The album's vibe is transplanted from the luscious 70s zeitgeist that our parents try to forget and that one uncle you know still lives in. Call it the "sweetback aesthetic:" wiiide collars, big shades, phat sideburns and bright horns. Resting heavily in a Blacksploitation/Chinese karate flick ("I be kickin' like Bruce Lee's Chinese Connection") motif, these Bronx b-boys blend a new jack swing and a Richard Roundtree righteousness to synthesize a convincing product.
All their flow is not solo. Trugoy the Dove, of De La Soul, brings that group's sound (heard most recently on Stakes Is High) to "B-side to Hollywood," and Ish (the artist formely known as Butterfly), reminds you of that high school high when he rocked with Digable Planets on the sparse, percussive "Swing." Jungle Brown, Bones and Karachi R.A.W. also signify on guest spots.
But with samples from the Stylistics, Dynasty and Curtis Mayfield, Camp Lo stands on their own quite a-ight.
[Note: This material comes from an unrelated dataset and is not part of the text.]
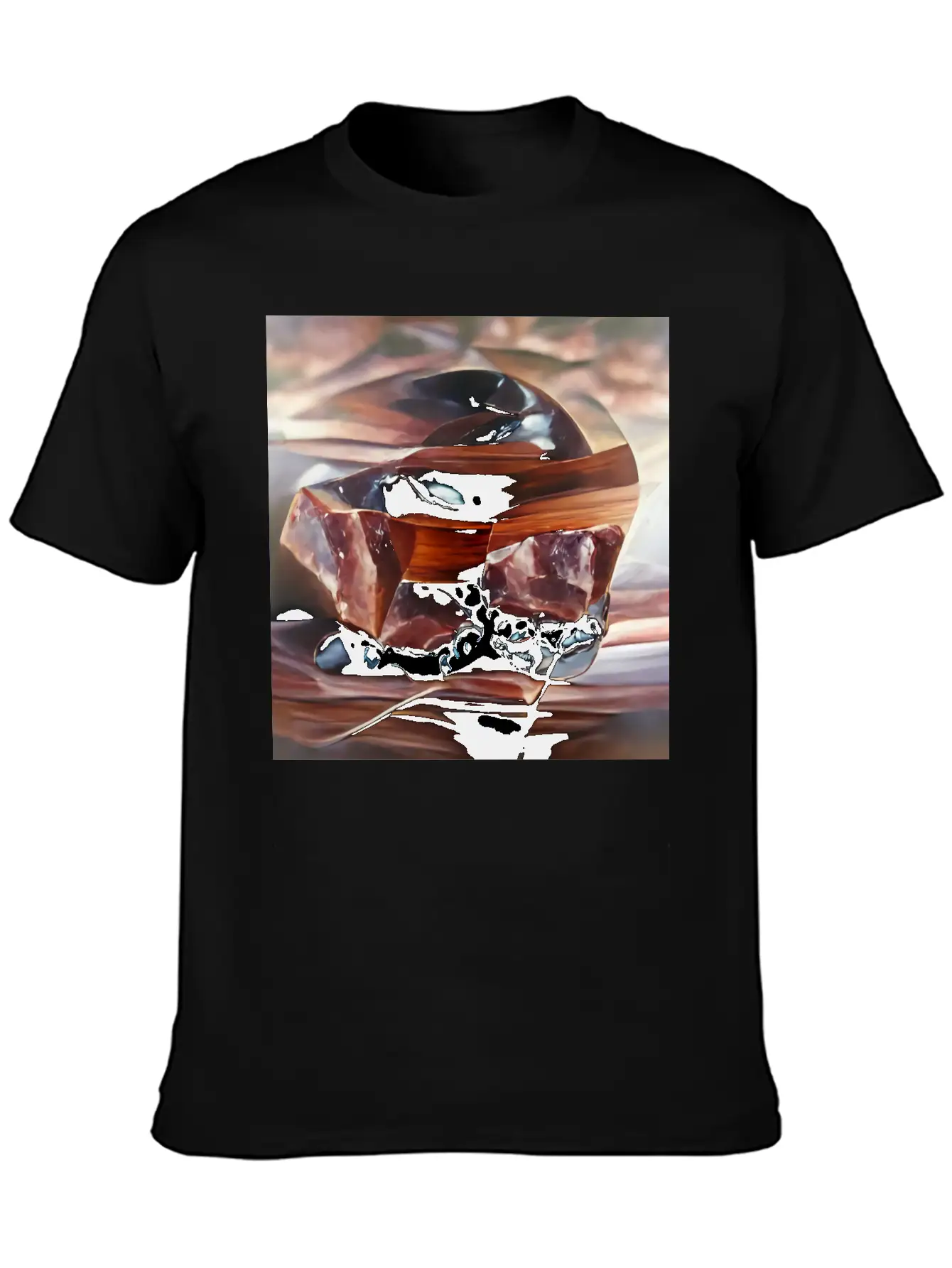 Mahogany Obsidian Crystal Gemstone Unisex Casual T-Shirt – Clean Design For Daily Comfort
My favorite tracks were immediately the vibes- and conga-laced "Sparkle," the hypnotic "Black Connection", and the "get fly" anthem, "Black Nostaljack a.k.a. Come On." This album finds the industry-standard tales of urban intrigue turned on their heads; while Nas is "in the jeep, sunk in the seat/ tinted, with heat;/ beats bumpin'" and waiting to smoke a dude who owes him money, Camp Lo chill in a permanent state of perpetual escape from "stonin'/robbin'/...heistin' merchandise and gunnin'" as they all the while utter those unforgettable lines, "the Sonny Cheeba he be sippin' Amared-do/ the Geechie Gracious he be sippin' Amared-do."
Yo, this is the steelo that your Pops used to get with Moms back in the day. I've seen sistas get geeked over Geechie Suede's perfect teeth in the "Luchini" video. If anyone notices fellas walking around campus with a toothpick in their mouth, trying to slide -- you know where they got the idea from.
Put it in your changer with: the Roots, the Fugees, De la Soul, any Blackploitation CDs you might have.